The biocultural assumptions underlying categories such as sex are destabilized by the behavior of birds themselves and by shifts in scientific evidence and understanding. Take, for instance, the white-throated sparrow, a common sight on the East Coast of the United States. The NABirds dataset contains 202 instances of this bird, with a subclassification as either “white-striped” or “tan-striped/immature,” referring to the shading of the stripes on its crown. Annotators equated color to age, relying on a traditional scientific understanding of the species. However, there is now evidence suggesting that these coloring differences signify sex, not age. Tan-striped white-throated sparrows do not change their stripes over time. Moreover, white-striped females mate only with tan-striped males, leaving tan-striped females to mate with white-striped males. Genetic analysis indicates that this is not merely sexual preference, but rather due to a chromosomal split equivalent to that between the Z and W chromosomes that typically differentiate binary sex in birds (Arnold, 2016). A species with four sexes, not two.

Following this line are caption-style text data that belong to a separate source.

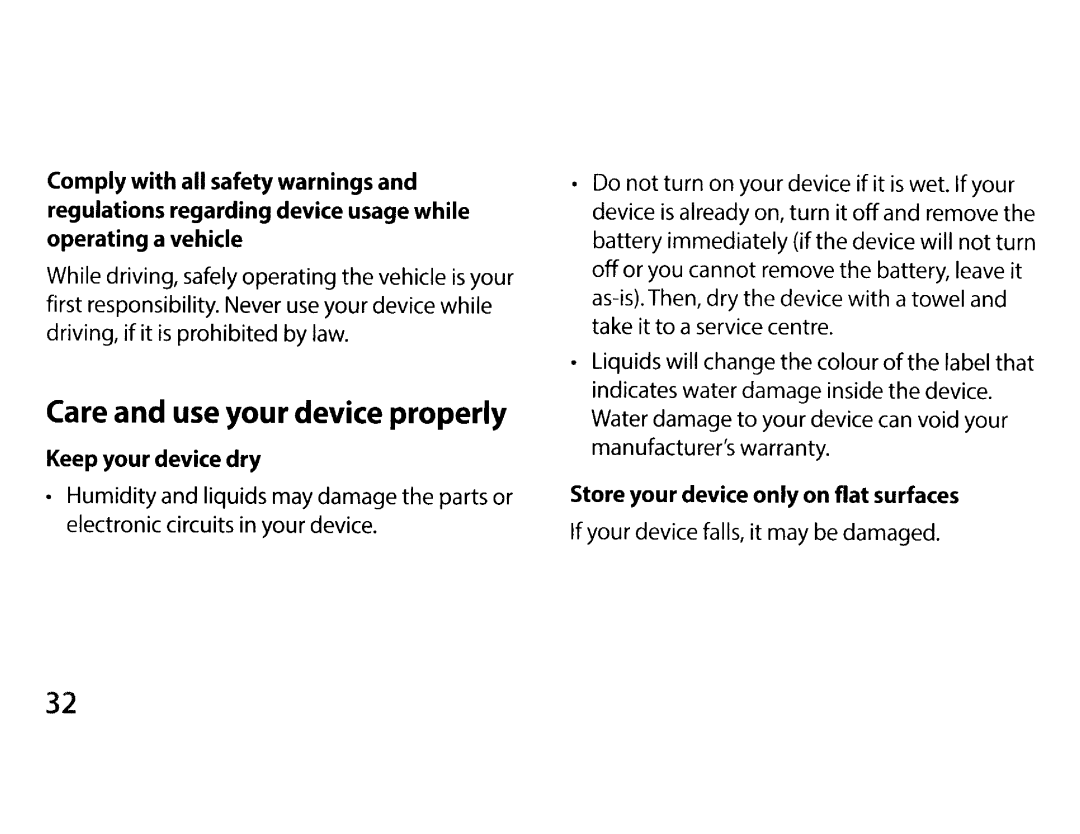 Samsung EK-GC200ZWAXAR, EKGC200ZWAXAR, EK-GC200ZKAXAR, EKGC200ZKAXAR Do not turn on your device if it is wet. If your 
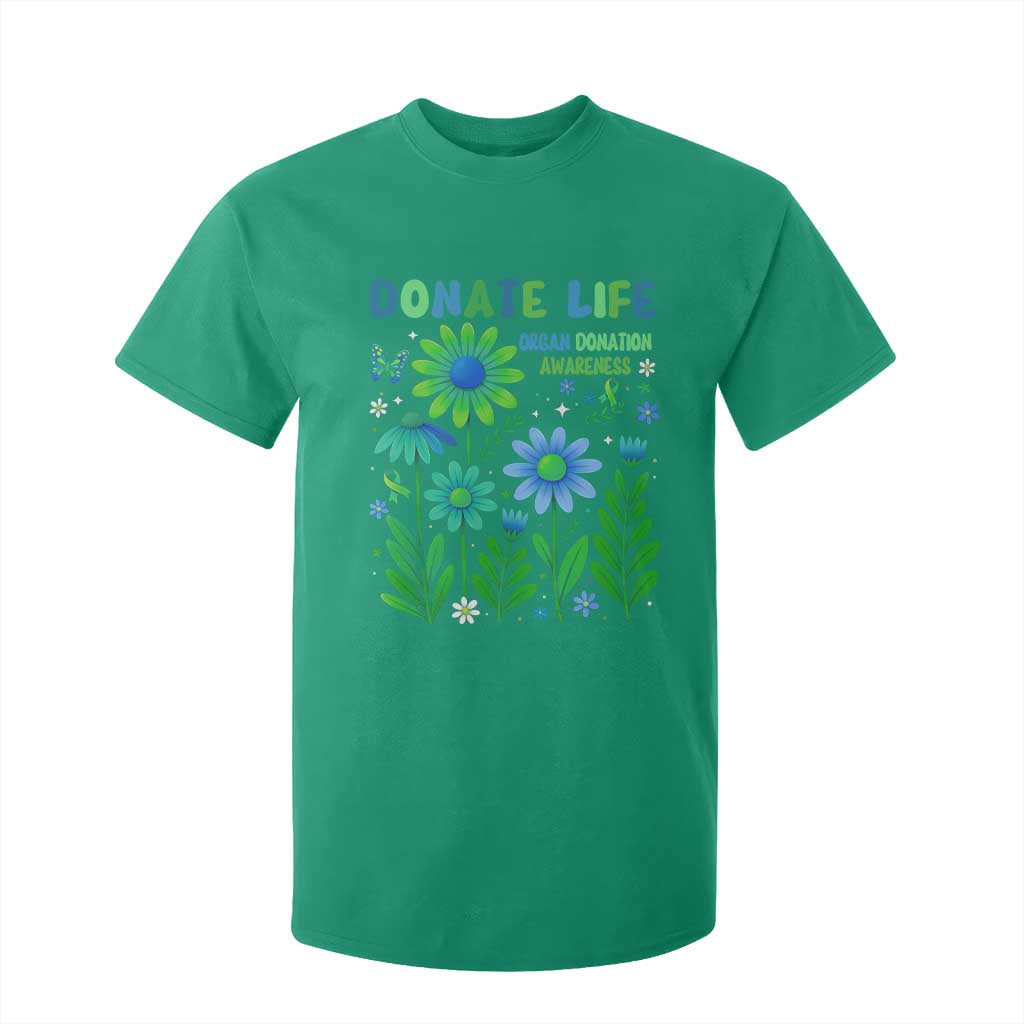 Organ Donation Support T Shirt For Kid Green Ribbon Donate Life Floral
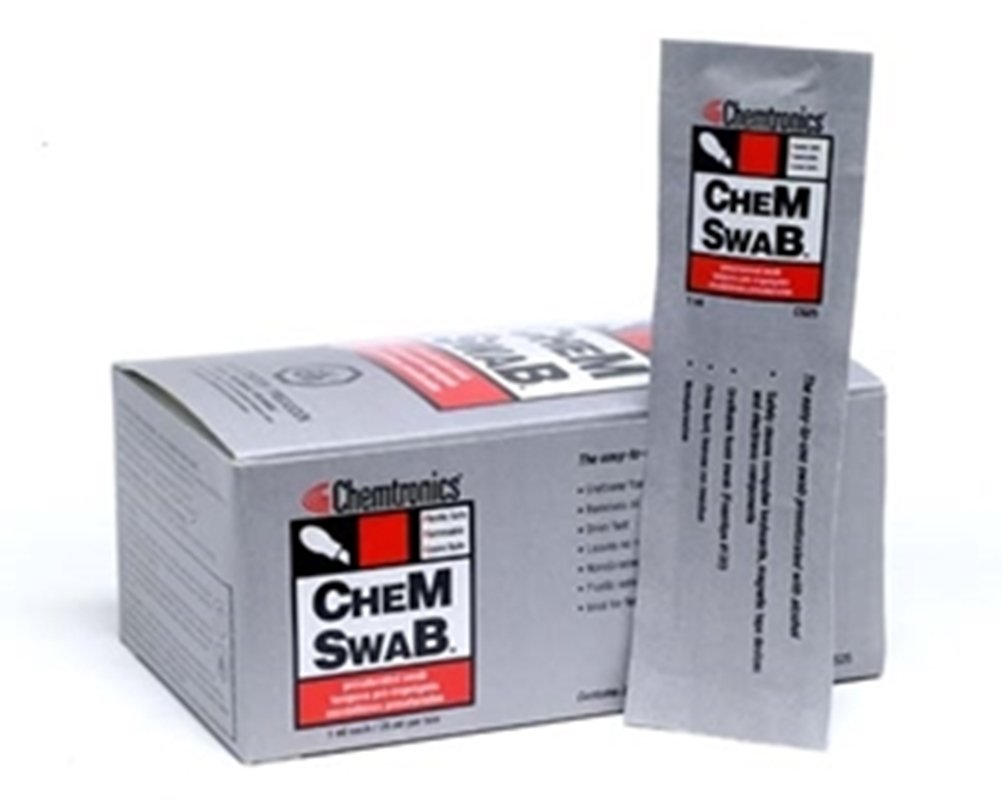 Chemtronics CS25 Chemswab Presaturated Swabs, 25/Pkg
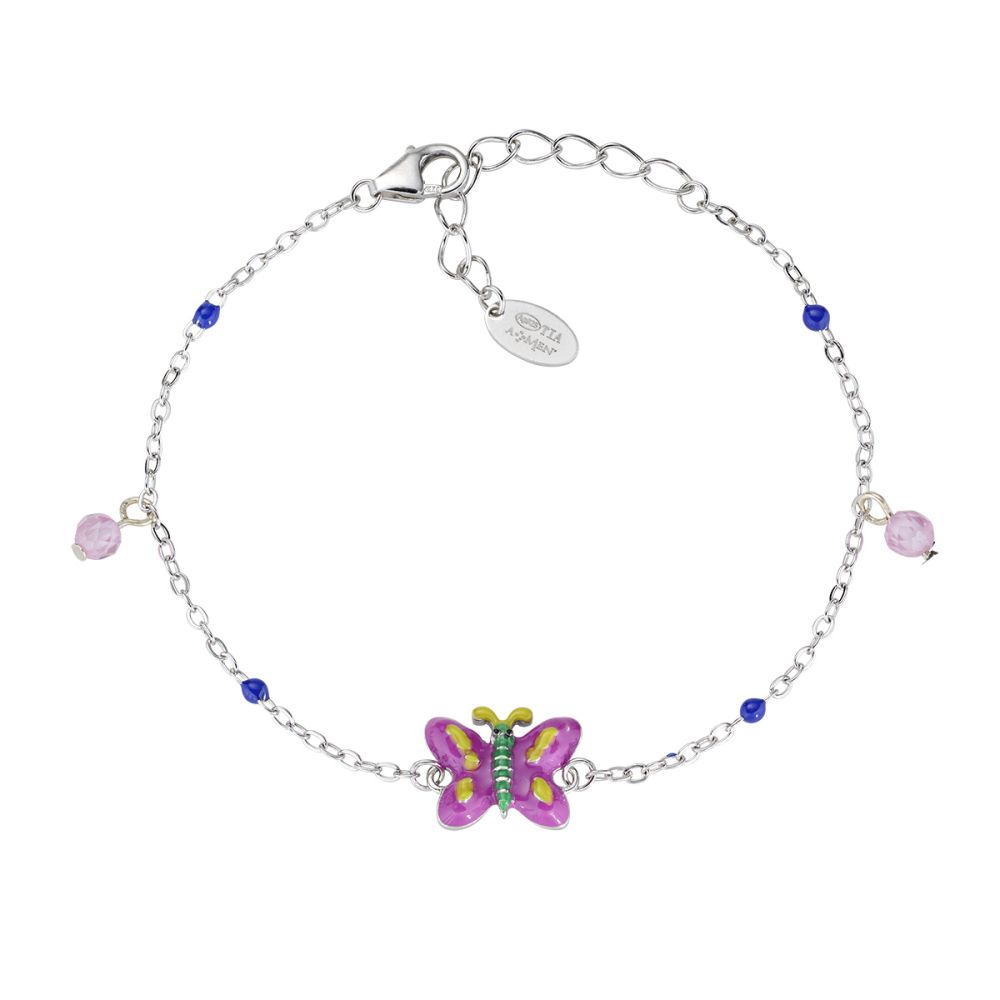 Amen Bracciale Junior Argento Farfalla Smalto e Cristalli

Probing the dataset’s orderliness challenges us to question the stability of the very categories — such as sexual binarism — that machine learning algorithms trained on such data naturalize. Misrecognition happens in the construction of our categories as much as at the level of individual images. Not only can a given bird be misclassified (by species, by age, by sex), but the very taxonomies that support classification prove to be imperfect fits for describing lively creatures, in ways that shape how we — aided by algorithms — come to know and manage them. Such misrecognition is fundamentally shaped by culture and power: we “see” (assume) binary sex, even when it is unsupported by reality, because that is what we are normatively conditioned to “see” (enforce and algorithmically reinforce). The stakes of such categorical misrecognition are real for birds — and, as research by scholars such as Scheuerman et al. (2020) shows, even more so for humans.